EDUARDO M. COJUANGCO JR.

At 82, Eduardo M. Cojuangco Jr. seems to have run out of ambition. Not that he has failed. Nor achieved less than what he aimed for, from early in his business life.  “I have achieved more than what I have intended to do in life,” he said a few days before turning 82 on June 10.  “I never imagined I could reach this far,” he muses. “Everything that has happened I never even dreamed of.”

After eight decades of a marvelously extraordinary life, one lived mostly for the betterment of others and his country, Cojuangco is a portrait of contentment. “I have enough in life,” says the Philippines’ most successful industrialist, the chairman and CEO of San Miguel Corp. (SMC) and a number of other large enterprises.  “With it, I can do what I want to do.”

 Forbes magazine lists Cojuangco as one of the Philippines’ 12 richest Filipinos, with wealth of $1.2 billion, a grossly understated amount in my reckoning.

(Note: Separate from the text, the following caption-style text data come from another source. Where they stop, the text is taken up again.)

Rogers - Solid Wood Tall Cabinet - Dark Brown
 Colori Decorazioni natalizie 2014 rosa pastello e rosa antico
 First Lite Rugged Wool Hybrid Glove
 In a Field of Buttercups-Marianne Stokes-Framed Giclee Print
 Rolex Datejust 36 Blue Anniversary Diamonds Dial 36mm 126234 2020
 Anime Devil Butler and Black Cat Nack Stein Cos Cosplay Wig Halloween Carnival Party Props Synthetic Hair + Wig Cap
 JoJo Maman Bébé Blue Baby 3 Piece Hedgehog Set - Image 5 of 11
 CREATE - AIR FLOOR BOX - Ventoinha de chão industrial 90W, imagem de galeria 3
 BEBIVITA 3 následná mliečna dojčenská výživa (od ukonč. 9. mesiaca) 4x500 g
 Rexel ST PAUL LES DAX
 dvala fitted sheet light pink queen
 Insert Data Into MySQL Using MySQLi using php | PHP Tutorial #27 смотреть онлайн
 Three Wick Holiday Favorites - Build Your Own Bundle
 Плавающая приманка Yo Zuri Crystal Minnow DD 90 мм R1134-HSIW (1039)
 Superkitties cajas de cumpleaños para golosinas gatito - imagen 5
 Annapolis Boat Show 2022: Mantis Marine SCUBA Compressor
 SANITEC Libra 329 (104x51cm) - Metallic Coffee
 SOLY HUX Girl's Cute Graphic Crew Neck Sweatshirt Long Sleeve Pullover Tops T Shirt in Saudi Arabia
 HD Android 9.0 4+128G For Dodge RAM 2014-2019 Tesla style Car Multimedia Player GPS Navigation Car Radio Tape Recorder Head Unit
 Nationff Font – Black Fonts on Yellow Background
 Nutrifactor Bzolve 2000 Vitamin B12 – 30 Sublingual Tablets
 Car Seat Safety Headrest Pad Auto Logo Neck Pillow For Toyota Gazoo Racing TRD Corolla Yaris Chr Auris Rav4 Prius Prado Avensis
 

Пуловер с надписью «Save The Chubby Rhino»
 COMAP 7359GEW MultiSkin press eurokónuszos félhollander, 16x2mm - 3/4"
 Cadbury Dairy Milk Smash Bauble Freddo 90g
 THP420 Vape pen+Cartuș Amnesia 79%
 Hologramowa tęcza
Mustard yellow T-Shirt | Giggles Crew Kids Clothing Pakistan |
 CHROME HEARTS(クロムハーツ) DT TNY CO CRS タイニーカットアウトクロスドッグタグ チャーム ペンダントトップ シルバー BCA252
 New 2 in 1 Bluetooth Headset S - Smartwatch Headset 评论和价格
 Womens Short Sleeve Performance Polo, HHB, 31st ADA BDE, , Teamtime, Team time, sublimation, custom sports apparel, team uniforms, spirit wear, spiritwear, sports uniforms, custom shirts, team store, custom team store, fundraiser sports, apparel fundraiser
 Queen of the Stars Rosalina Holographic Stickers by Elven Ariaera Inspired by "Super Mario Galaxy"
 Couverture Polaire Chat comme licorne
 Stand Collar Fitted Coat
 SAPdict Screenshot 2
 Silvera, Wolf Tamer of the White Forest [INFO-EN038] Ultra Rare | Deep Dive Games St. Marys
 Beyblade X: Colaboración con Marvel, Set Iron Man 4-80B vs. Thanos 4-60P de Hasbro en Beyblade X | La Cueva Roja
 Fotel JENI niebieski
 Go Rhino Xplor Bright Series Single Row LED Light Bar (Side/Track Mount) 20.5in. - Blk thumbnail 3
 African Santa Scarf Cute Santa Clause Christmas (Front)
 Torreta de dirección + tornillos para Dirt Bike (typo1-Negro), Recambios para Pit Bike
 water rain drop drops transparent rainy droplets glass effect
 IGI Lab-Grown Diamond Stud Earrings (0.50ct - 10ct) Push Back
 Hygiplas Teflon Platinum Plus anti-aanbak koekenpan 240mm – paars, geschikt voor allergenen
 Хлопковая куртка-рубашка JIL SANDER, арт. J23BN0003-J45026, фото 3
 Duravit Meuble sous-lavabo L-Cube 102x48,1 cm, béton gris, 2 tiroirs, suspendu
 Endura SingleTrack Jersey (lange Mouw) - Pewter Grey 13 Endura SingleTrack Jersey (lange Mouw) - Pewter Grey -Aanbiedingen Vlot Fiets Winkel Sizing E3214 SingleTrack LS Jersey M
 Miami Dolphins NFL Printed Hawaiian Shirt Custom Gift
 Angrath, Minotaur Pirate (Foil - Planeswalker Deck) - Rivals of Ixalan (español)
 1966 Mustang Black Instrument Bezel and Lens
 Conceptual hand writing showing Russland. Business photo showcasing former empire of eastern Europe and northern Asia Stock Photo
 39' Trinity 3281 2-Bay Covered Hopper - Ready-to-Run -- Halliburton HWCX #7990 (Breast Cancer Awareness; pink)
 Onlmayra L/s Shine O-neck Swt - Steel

Cojuangco is often known as Danding, ECJ or “Boss” to friends, allies, subalterns, and business associates.  With his tremendous success and achievements as a businessman and as a public servant he is revered, respected, loved, and sometimes, feared and loathed, by business and political rivals, and critics.

ECJ’s entrepreneurship and public service have served a singular purpose – to uplift the lives of many Filipinos and contribute  to a stronger national development.

His success neatly straddles many facets of Philippine society – business, agriculture, public service (he was Tarlac governor and ambassador), sports (his La Salle team is UAAP champion and San Miguel owns three champion basketball teams), education (he funded 5,000 high school teachers to get masters or doctorate degrees to improve the quality of secondary education), and philanthropy (he gave away thousands of hectares of land to poor farmers).

Cojuangco manages a number of large enterprises, many of them No. 1 in their industry.   An agriculturist by training and habit, he has attempted to modernize Philippine agriculture, notably coconut and sugar.

How he invested coco levies

In 1983, he borrowed P2.57 billion or 26% of the then P9.69 billion in coco levies collected from 1972 to August 1982 when they were stopped.   Note that our so-called coconut farmers did not own a centavo of the P9.69 billion.   The P9.69 billion was collected from coconut millers and exporters, not the coconut farmers.  Cojuangco was a large contributor to the levy.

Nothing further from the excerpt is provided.